Summer vegetables are plentiful now. Here is a delicious pickling recipe submitted by Dianne Whitten, who works at The Spicy Olive, Montgomery. You could use many of our balsamic vinegars to pickle an assortment of vegetables. The Serrano Honey, used in this recipe, gives the pickled vegetables a little kick!
Pickled Cauliflower and Carrots
- ½ head of cauliflower
- 2 carrots
- 1 garlic clove
- 3 sprigs fresh dill
- 1 tablespoon pickling salt
- 1 teaspoon hot Hungarian paprika
- 1 teaspoon mustard seed
- 1½ cups Spicy Olive Serrano honey vinegar
- 1 cup water
Cut the cauliflower into florets and the carrots in ½ inch circles. Pack the cauliflower, carrots, garlic and dill tightly into the jars, leaving ½ inch of head space at the top. Set aside.

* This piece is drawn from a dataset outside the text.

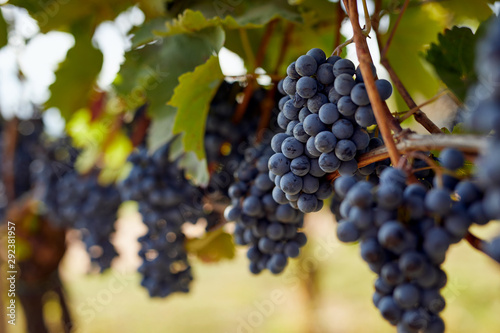 Canvas Print Bunch of blue grapes hanging on autumn vineyard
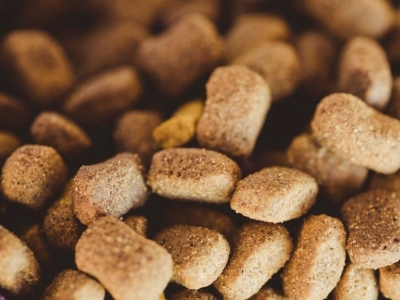 Nutrition light et nutrition pour la perte de poids : est-ce la même chose ?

Combine the salt, paprika, mustard seeds, vinegar and water in a nonreactive saucepan. Bring to a boil then reduce heat to low and simmer for 5 minutes.
Carefully ladle the hot pickling liquid into the jars, leaving ½ inch headspace in each. Cap with lids and bands then cool for 2 hours before refrigerating.
The pickled cauliflower can be refrigerated for 7-10 days.